18 June – 13 July

Behind every agreement or disagreement there are stories to tell – political and personal. In this Good Chance/RSC collaborative political cliff-hanger, playwrights Joe Murphy and Joe Robertson have dissected the myriad diplomacies, the decision makers and the disrupters behind the adoption of the Kyoto Protocol at COP3 in 1997 – the first time industrial countries agreed to legally binding targets for reducing greenhouse gas emissions. The Protocol required ratification by at least 55 parties to the Convention, across national concerns ranging from life or death survival in the case of the island nations such as Kiribati, to anxieties about potential industrial and economic collapse in the US.

At the Swan Theatre, the stage is set like a convention in the round at which we, the audience, are encouraged to feel like delegates sitting behind actor reps from the US, China, Germany, Tanzania, Saudi Arabia, Japan, the UK and Kiribati, each with our own COP3 lanyard.

Standing astride this play is the character of Washington lawyer Donald Pearlman, who has become the go-to hatchet man for the so-called Climate Council, an NGO devoted to undermining evidence of climate change and preserving the profitability of fossil fuels. Stephen Kunken owns the role. A baddy you could argue, blinkered by his belief in the American Dream.

Pearlman is a formidable foe – a man who reads ALL the small print, a weasel looking for the killer bite – he has bought into the idea that environmentalists are basically ‘watermelons’ – green on the outside but red, ie communist, on the inside. And that Americans can just “figure it out, we always do”. Kunken’s quick-fire put-downs to wobbling fence-sitters and prompts to the more petro-friendly diplomats round the table are redolent of Peter Capaldi’s Malcolm Tucker in The Thick of It, but carry even more of a threat because of his absolute command of what is required to torpedo consensus. And his darkly humorous observations about the carbon footprint of the delegates also offered a hint of the conflict at the heart of the subject.

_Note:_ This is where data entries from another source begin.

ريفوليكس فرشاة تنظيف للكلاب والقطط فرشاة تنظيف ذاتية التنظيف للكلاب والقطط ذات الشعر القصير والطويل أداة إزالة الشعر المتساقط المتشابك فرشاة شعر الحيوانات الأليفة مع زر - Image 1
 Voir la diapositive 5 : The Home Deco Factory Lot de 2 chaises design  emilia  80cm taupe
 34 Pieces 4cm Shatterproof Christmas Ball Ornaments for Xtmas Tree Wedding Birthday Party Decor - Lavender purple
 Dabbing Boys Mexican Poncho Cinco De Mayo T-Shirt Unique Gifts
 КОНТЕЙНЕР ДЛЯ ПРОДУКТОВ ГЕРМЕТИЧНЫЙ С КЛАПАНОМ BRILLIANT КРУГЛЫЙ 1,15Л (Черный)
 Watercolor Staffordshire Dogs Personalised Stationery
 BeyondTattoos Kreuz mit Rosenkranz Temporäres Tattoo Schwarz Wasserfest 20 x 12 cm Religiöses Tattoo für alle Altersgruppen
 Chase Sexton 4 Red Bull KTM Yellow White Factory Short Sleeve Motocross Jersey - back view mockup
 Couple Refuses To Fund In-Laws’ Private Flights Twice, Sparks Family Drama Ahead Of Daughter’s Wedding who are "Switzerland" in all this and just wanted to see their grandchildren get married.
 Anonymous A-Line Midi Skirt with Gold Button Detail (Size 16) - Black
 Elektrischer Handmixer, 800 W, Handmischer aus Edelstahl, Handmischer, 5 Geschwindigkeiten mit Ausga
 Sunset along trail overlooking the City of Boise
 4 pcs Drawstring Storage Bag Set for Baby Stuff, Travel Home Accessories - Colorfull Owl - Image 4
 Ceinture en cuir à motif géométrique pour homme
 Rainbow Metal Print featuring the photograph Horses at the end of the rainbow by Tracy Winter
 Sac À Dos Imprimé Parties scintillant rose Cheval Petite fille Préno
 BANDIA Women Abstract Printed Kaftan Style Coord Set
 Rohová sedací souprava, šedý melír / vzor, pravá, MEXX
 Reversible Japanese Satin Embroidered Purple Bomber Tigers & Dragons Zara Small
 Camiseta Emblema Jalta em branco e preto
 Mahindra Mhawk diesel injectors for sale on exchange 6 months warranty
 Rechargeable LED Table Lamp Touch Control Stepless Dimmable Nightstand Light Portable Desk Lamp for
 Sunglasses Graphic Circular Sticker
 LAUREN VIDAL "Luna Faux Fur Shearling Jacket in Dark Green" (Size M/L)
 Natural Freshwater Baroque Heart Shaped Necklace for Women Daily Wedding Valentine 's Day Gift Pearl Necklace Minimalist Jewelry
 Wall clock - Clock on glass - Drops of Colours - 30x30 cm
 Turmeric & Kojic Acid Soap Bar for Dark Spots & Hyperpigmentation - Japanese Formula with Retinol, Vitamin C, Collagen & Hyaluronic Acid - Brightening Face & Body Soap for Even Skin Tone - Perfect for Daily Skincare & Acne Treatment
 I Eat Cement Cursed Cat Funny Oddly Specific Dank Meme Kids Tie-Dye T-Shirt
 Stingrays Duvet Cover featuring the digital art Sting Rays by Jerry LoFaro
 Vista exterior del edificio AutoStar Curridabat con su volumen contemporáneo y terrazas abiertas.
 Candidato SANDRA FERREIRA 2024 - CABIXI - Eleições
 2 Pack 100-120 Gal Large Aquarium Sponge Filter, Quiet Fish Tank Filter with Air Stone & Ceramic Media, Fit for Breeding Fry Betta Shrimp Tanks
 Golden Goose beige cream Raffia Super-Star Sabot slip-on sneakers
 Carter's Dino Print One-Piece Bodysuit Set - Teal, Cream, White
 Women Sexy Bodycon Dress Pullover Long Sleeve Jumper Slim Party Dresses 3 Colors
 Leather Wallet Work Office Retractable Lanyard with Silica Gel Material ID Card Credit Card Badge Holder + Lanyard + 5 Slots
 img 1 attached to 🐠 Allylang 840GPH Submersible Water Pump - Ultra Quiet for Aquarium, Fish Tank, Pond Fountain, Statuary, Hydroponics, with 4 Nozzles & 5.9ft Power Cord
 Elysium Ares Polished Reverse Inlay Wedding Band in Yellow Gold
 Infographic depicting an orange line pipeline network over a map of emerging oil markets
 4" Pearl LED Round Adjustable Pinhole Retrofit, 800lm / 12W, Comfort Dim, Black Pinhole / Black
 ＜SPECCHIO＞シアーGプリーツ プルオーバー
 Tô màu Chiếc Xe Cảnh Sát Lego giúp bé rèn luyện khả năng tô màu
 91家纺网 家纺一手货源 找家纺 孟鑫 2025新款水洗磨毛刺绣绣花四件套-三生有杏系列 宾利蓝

Murphy and Robertson paint Pearlman in high definition 3D. Through his wife, Shirley, played with complete conviction by the excellent Jenna Augen, we learn about his faltering relationship with his son Brad, who needs his dad in a way that he cannot fulfil. And in her final soliloquy, in which she muses on her husband’s human qualities, she provides a reminder that all the players here are merely flesh and blood, and are exacting a big personal cost for their roles.   

Cometh the hour, cometh the man. Pearlman’s nemesis at COP3 is the refreshingly hopeful and determined Chair, Raúl Estada-Oyuela, played with easy charm and wit by Jorge Bosch. Estada-Oyuela takes inspiration from a portly Ferdy Roberts as UK/EU delegate John Prescott, who engenders a sense that only with the utmost tenacity and belief in finding agreement will the naysayers be denied.

Throughout, there is convincing support from Nancy Crane as the US delegate caught between wanting to drive a deal her Senate can pass, while riding embarrassingly roughshod over smaller nations’ concerns. Ingrid Oliver, as German delegate Angela Merkel has some of the most poignant lines when she reflects on the UK and Germany’s joint role at Europe’s top table, while Andrea Gatchalian is an impassioned advocate for the 50,000 Kiribatians threatened with the rising waters of a heating globe.

Directors Stephen Daldry and Justin Martin have injected great pace into the overall delivery here. The result is a razor-sharp production that never wilts. Even arguments over punctuation are as pacy as a game of snap. There is good use of back-projected footage from COP3 to further set the scene, and a delightful reference to a performance of Midsummer Night’s Dream in the Amazonian jungle – an act of cultural commonality that has the potential to lubricate acts of diplomacy.  The political pas-de-deux between Estada-Oyuela and Pearlman retains the suspense throughout. And even though we know the outcome will favour the Argentinian, the threat of Don Pearlman pervades like a Terminator. As we know, other ‘Pearlmans’ continue to hatch.